John Webster’s the ‘Duchess of Malfi’ and Christina Rossetti in her canon of poetry
approach the morality of sexual relationships in different ways. While webster suggests that
sexual relationships are ‘invariably moral’ as many stem from a desire for happiness.
Contrastingly while Rossetti does not refute this in her poetry she does not however
subscribe to this view, viewing sexual relationships not to be ‘invariably moral’ but at times’
moral’ as they prevent an individual from leading a spiritual life with god. Yet both highlight
that female sexual relationships incite scandal and are castigated by society whereas male
sexual relationships are seen to be inherently ‘moral’ and as such both writers seek to
expose the blatant hypocrisy within their society. Therefore, through exploring the morality of
sexual relationships, both writers seek to expose the hypocrisy that lies within social
institutions of both Jacobean and Victorian society.

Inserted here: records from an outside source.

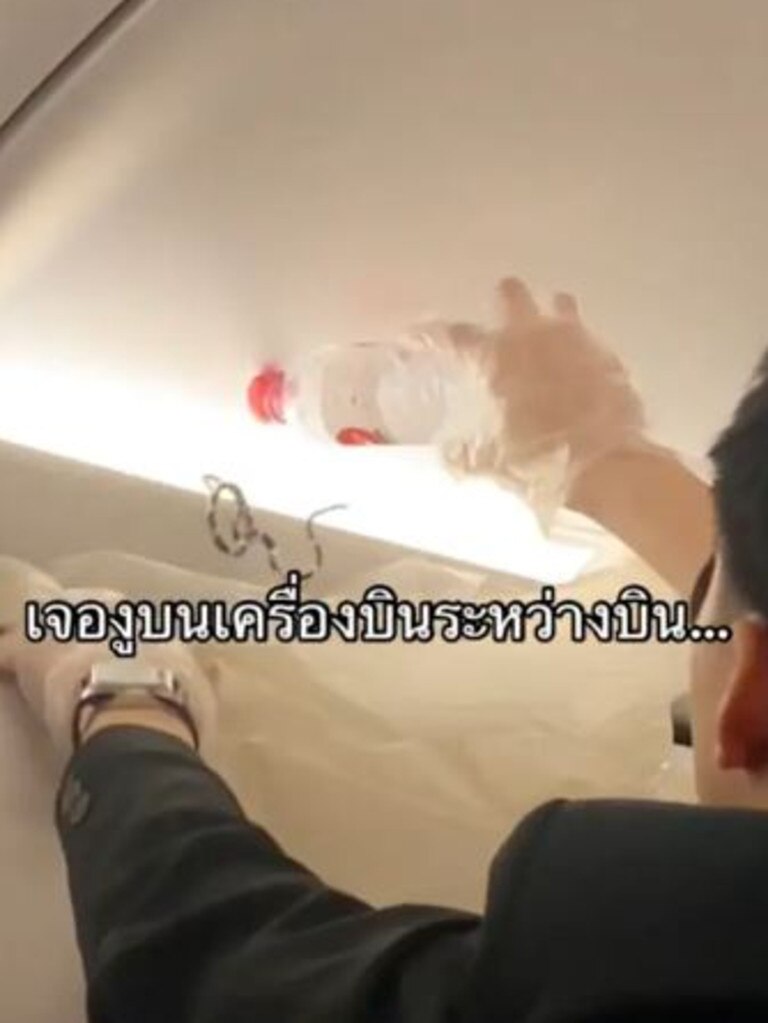 A flight attendant used a plastic bottle to coax the snake into a plastic bag. Picture: Supplied
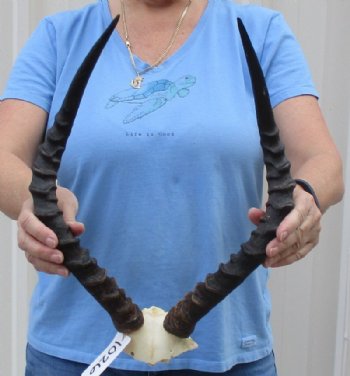 Impala Skull Plate, Cap with Horns 15 to 20 inches - $64.99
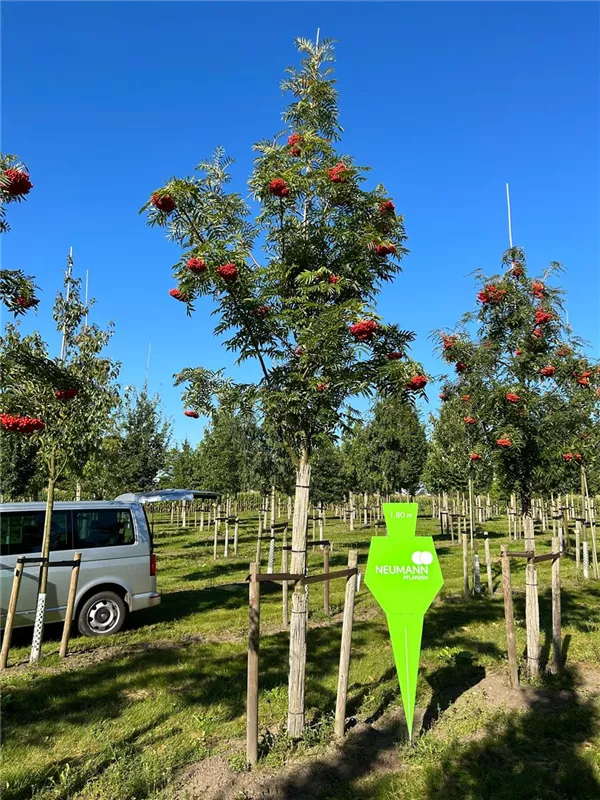 Sorbus 'Dodong'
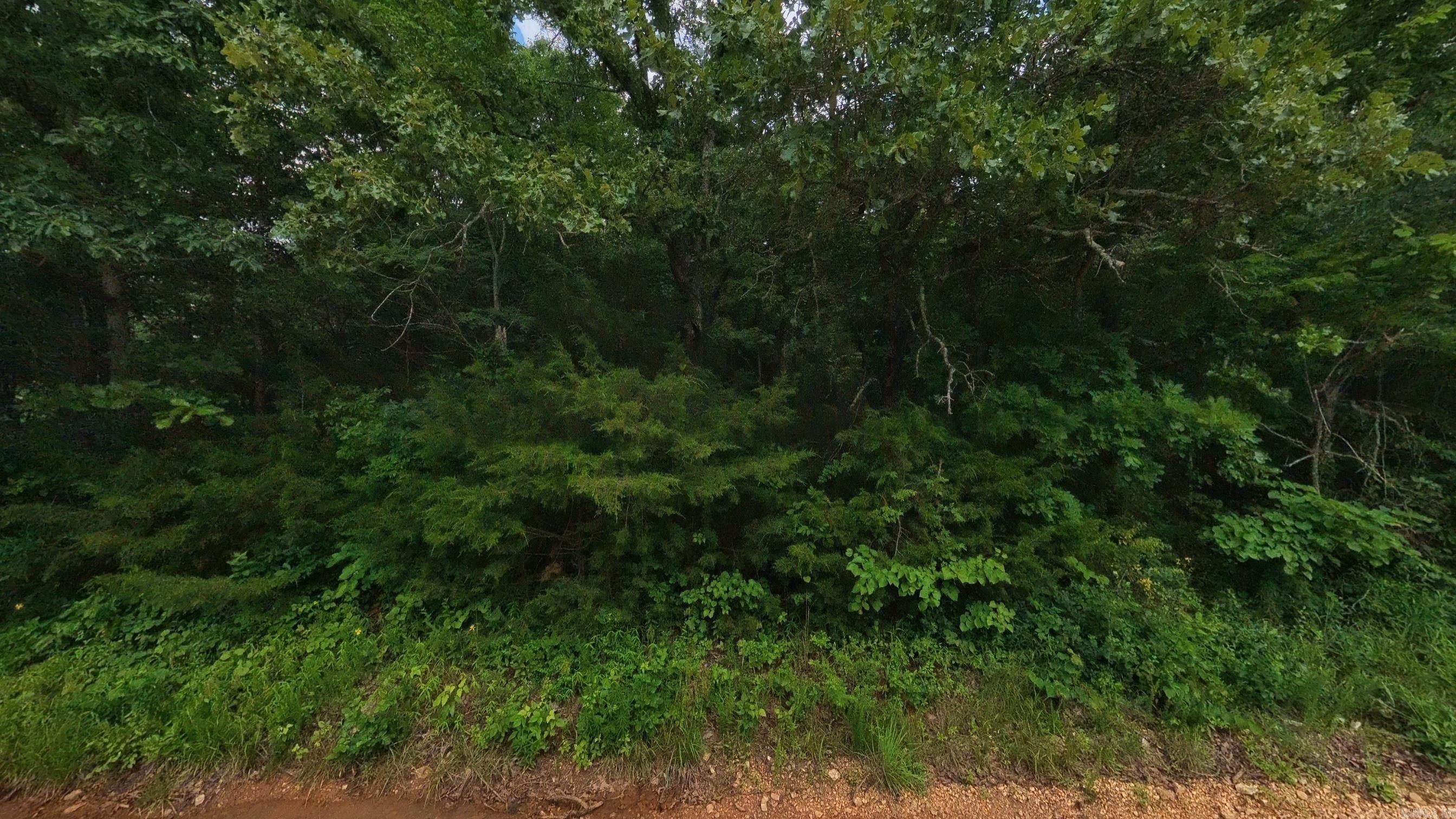 Photo 21 - Vacant Land for sale – 000 N Camp Creek   Mammoth Spring, AR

The clearest similarity between both texts is that both writers explore the morality of sexual
relationships through their characters engaging in sanctioned and justified ones for their own
happiness. Yet By doing so both writers underline the blatant hypocrisy that lies within
society that deems male sexual relationships to be ‘moral’ and oppose female ones, even if
they are morally justified. This is best embodied by the eponymous character of the duchess
who Webster highlights is morally entitled to happiness which for her, is in the form of a
husband. Although her sexual relationship is invariably moral and permitted with legal
foundations as ‘she slips the ring upon his finger’ which would satiate Elizabethan canon
law. As a protestant, Webster draws upon the religious context of Jacobean society where
the idea of a ‘compassionate marriage’ in Protestantism permitted a man and woman to wed
with the simple declaration of marriage. Although her sexual relationship is morally and
legally justified, Webster underlines how society and indeed her brothers ‘practised their
tyranny’ by declaring her a ‘notorious strumpet’ who is ‘loose in’the hills’ after she disobeys
their ‘terrible good counsel’ of ‘not to marry again’. The character of the duchess resonates
with King James’s cousin Lady Arabella Stuart who in 1610 was imprisoned in the tower for
engaging in a sexual and clandestine affair with William Seymour until her demise in 1615.
This serves as the epitome of the corrupt attitude that Jacobean social and indeed
monarchical institutions had towards female sexual relationships where they clearly labelled
them to be immoral. Webster clearly criticises both the cardinal and Ferdinand and indirectly
criticises the inherent corruption within the Jacobean court. Dympna Callaghan suggests that
‘the court of Amalfi presents in miniature the court of Whitehall’ and as such Webster seeks
to explore the morality of sexual relationships as a means to criticise the Jacobean social
order and its attitude towards sexual relationships. This is echoed by Sean McEvoy who
highlights that the duchess’s tragedy is ‘the fault of those who run the society around her’ as
she is punished quite innocently, for a morally justified reaction. In many ways this would
justify the proposition that “Good writing about sexual relationships is invariably moral’ as
Webster would agree to inform his Jacobean audience that attitudes towards female sexual
relationships just like men’s, are moral.